RMD SPIA Non-spouse beneficiary?

Can a non-spouse beneficiary of an IRA transfer the money into a beneficiary IRA and purchase a life SPIA?

I’m having a very difficult time getting a definitive answer on this one. My confusion obviously comes in because the SPIA can cause the payments to extend past the person’s life expectancy. I know that SPIAs are fine for the original account owner, but I’m simply guessing that they aren’t for a non-spouse beneficiary.



It should be ok, however the certain period cannot extend beyond life expectancy.



Thanks for the response.

By you saying, “it should be ok”, does that mean that you are giving an educated guess at the answer or are you sure about this?

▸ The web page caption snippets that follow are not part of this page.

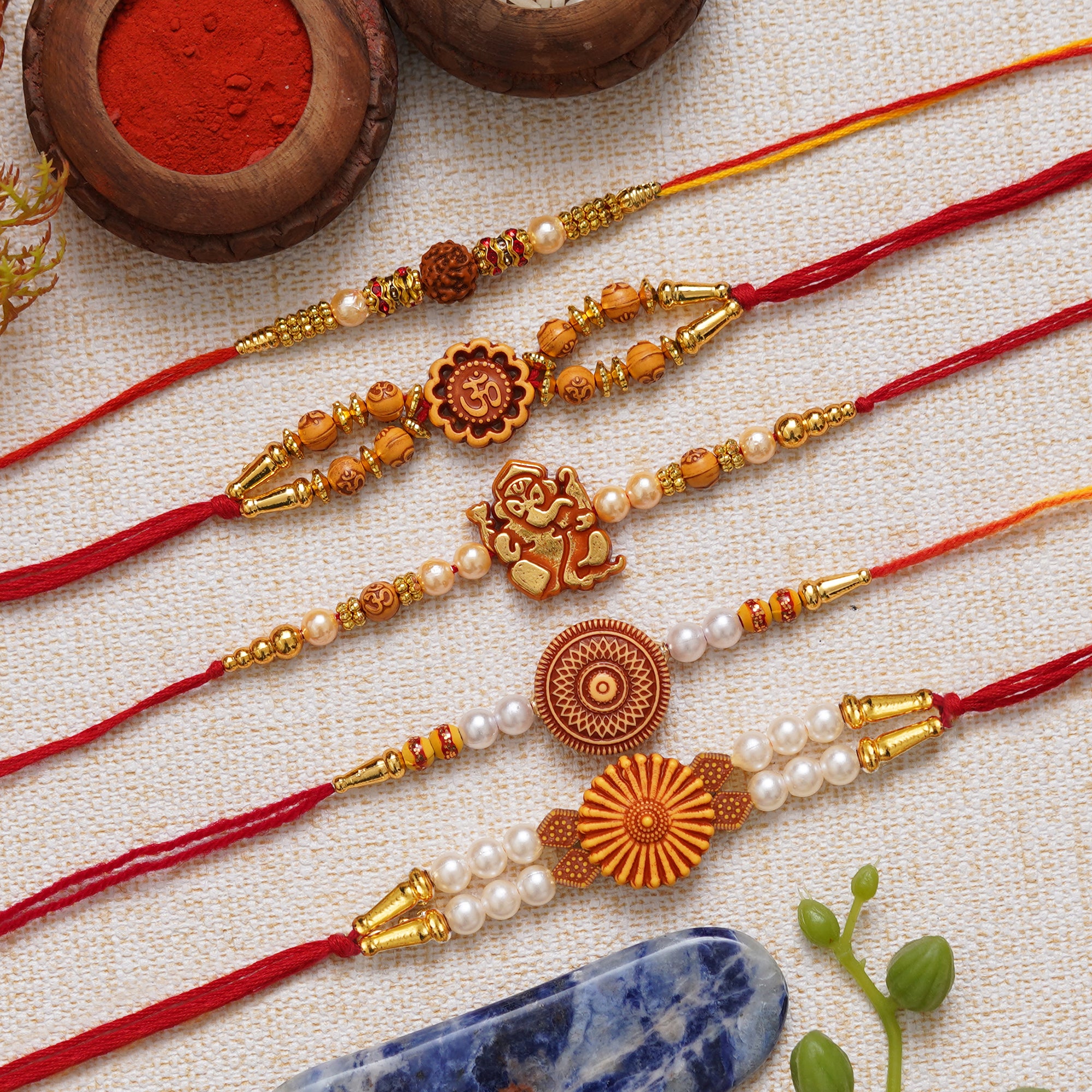 eCraftIndia Multicolor Set of 5 Rudraksha, Om, Ganesha, Flower, Pearls Religious Designer Rakhis with Roli Chawal Pack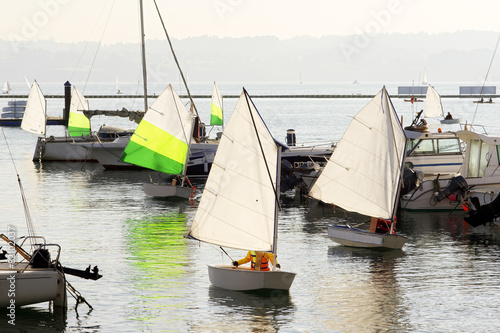 children learn to sail on optimist sailboat in Galicia Spain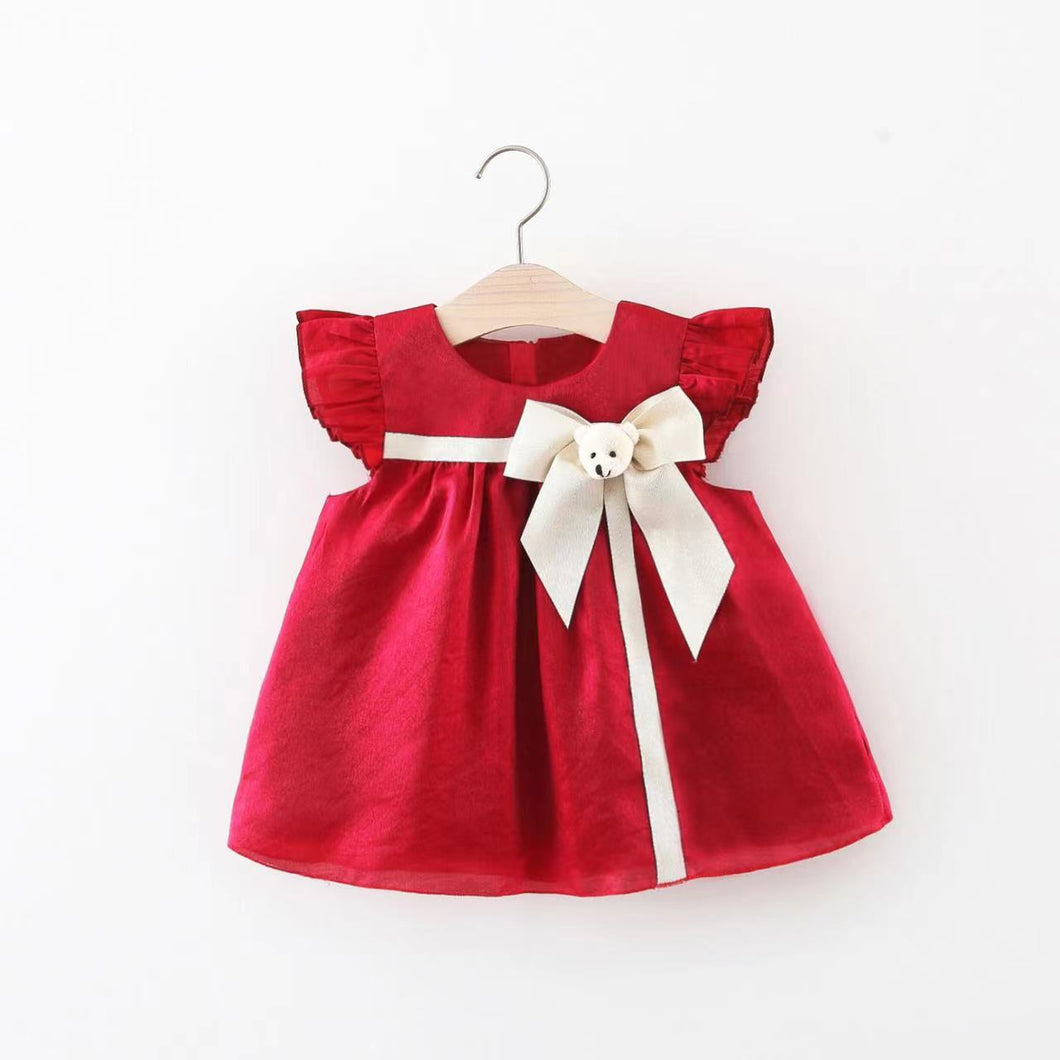 Vestido bordo con volados, detalles y moño crema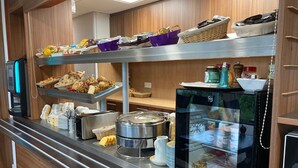 A buffet setup with various food items, a refrigerator, and a coffee machine.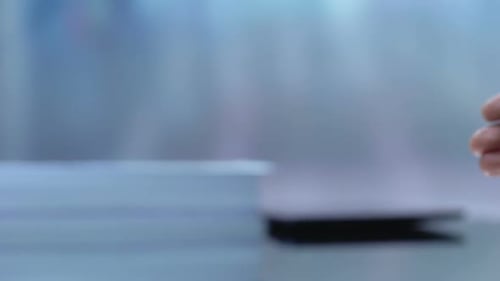 Hand Exchanging Keys with Insurance Tag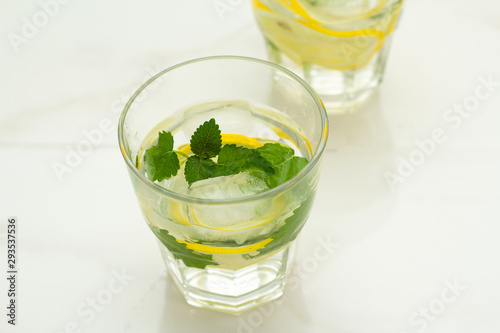 glass of water with lemon and mint
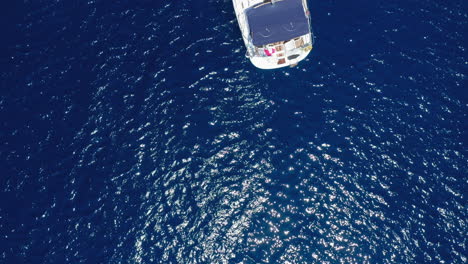 Aerial:-Top-down-reveal-drone-shot-of-a-moored-sailboat-in-blue-sea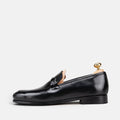 VOLZAK black leather loafer with a sleek silhouette and metal buckle detail, side view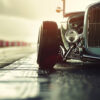 A vintage car with exposed front wheels is parked on a wet racetrack, with the sun shining in the background. Wall art print available in A1 to A4 sizes.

This could be a great opportunity to stretch the payments out longer and have the payments be more like RMD’s that get recalculated.

Ex. The non-spouse beneficiary is 63 and has a life expectancy of 22.7 years. In 14 years, for RMD calculations, they have a life expectancy of 8.7 years. However, their true life expectancy is longer than this. At that point, they could transfer the IRA into a SPIA and get a payout for the rest of their life that is based upon their true life expectancy. This will allow them to spread the payouts and the tax over their lifetime and not an artificially lowered life expectancy.

I’m surprised that they can do this because the IRS seems like the loser in this game. If they die soon, the IRS loses out on lots of tax money. If they live to life expectancy, the IRS still loses out.* The IRS only makes out better on this if the person lives a good deal past their life expectancy.

*If the person dies at life expectancy and the investment account averaged 5% a year, a 63 year old would have pulled out about $900,000, but only $800,000 in a SPIA.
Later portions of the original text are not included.